Calculation of the amplitudes is computationally expensive, and a lot of care is needed to make it tenable. We have tried several approaches which have failed. The following notes solve only the subproblem of differentiating $\psi$ many times.
Under Construction
Using a Cartesian coordinate system aligned with the lens,
the lens potential is given as
\begin{equation}
\psi^{\mathrm{R}}(x’,y’) = C_0\cdot \frac{\sqrt{f}}{f’}\cdot\left[
y’\sin^{-1}\left(f’\cdot\frac{y’}{R}\right)
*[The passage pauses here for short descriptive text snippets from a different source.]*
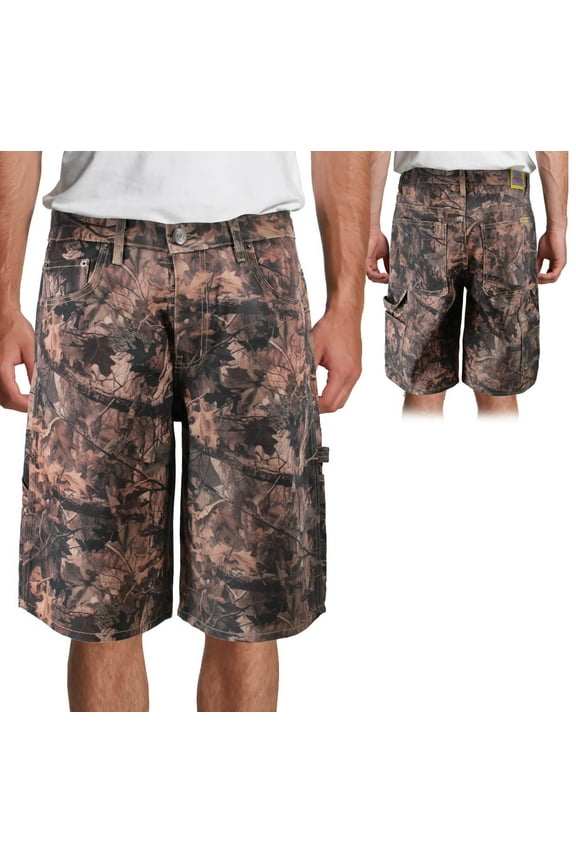 Men's Baggy Fit Premium Cotton Camo Carpenter Denim Jean Shorts MADE IN USA (30)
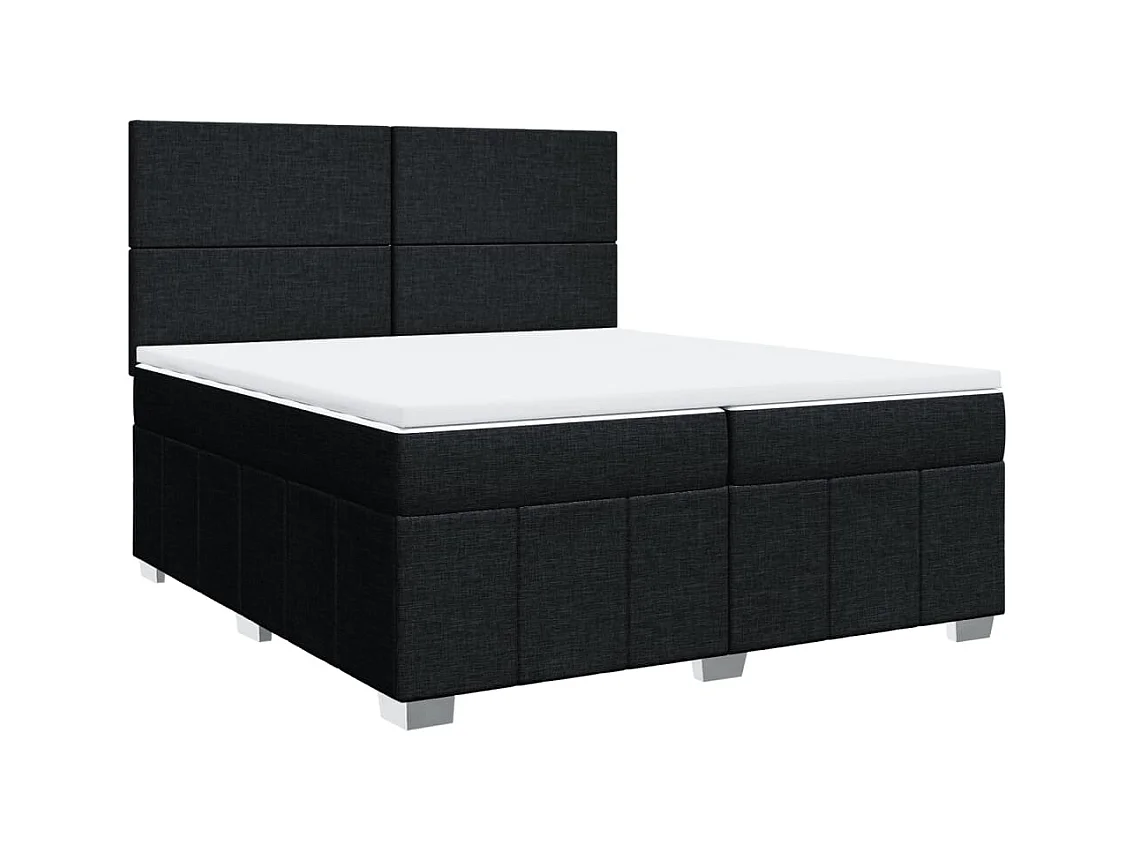 Cama box spring con colchón tela negro 200x200 cm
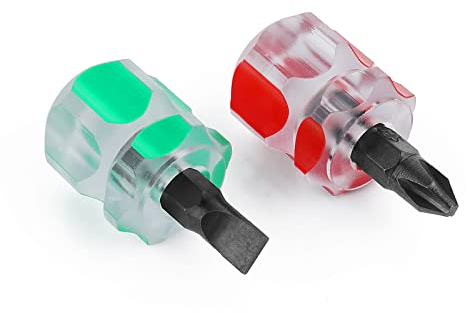 Grevosea 2PCS Mini Short Screwdriver Set - Stubby Screwdriver for Tight Spaces, One Flat Head and One Phillips for Sewing Machine Repair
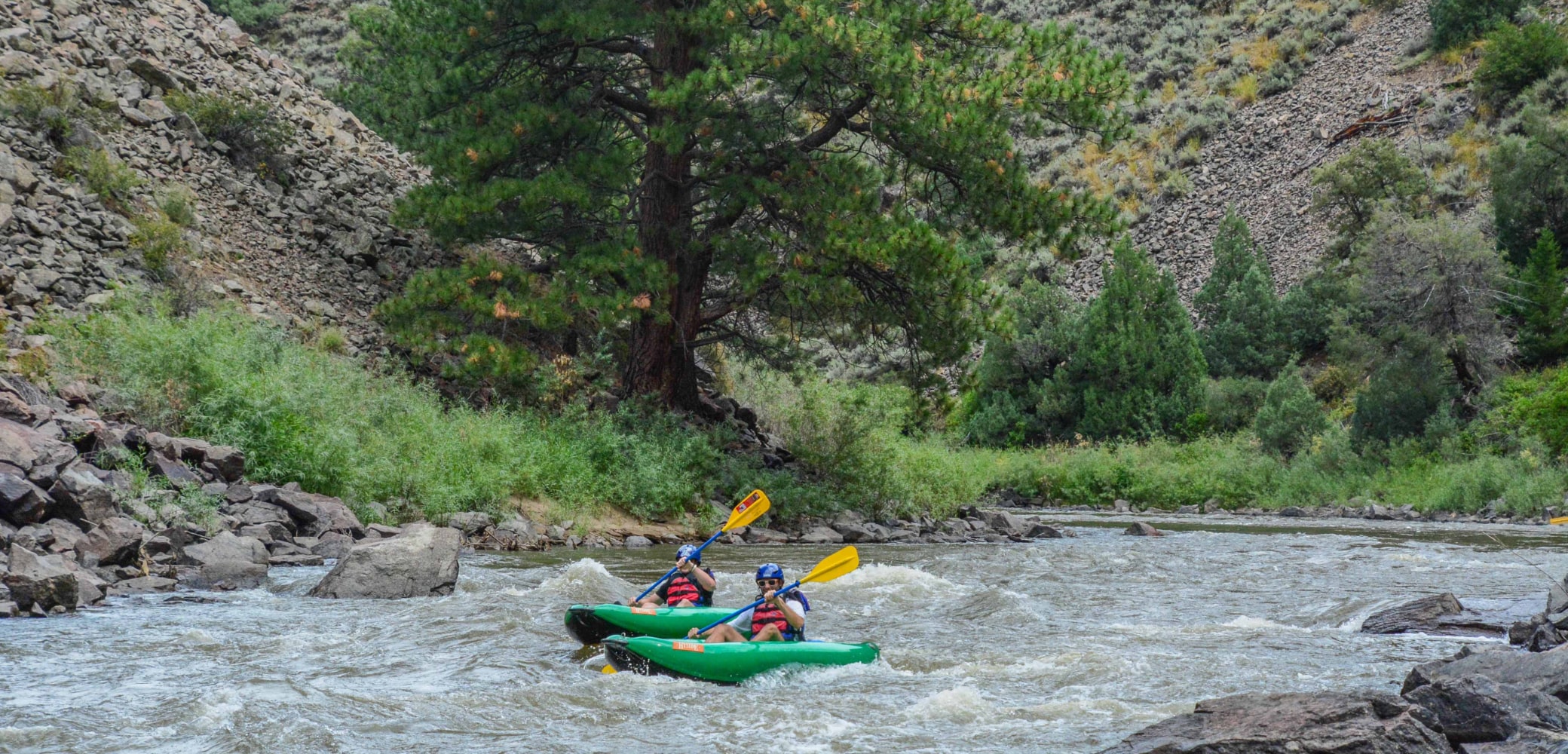 inflatable kayaks in Little Gore Canyon on the Upper Colorado River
+ x’\sinh^{-1}\left(\frac{f’}{f}\cdot\frac{x’}{R}\right)
\right]
\end{equation}
where
\begin{equation}
R=\sqrt{x’^2+y’^2}
\end{equation}
The first order derivatives (see SIE) are given as
\begin{equation}
\frac{d}{dx’}\psi^{\mathrm{R}}(x’,y’) =
C_0\frac{\sqrt{f}}{f’}
\sinh^{-1}\left(\frac{f’}{f}\cdot\frac{x’}{R}\right)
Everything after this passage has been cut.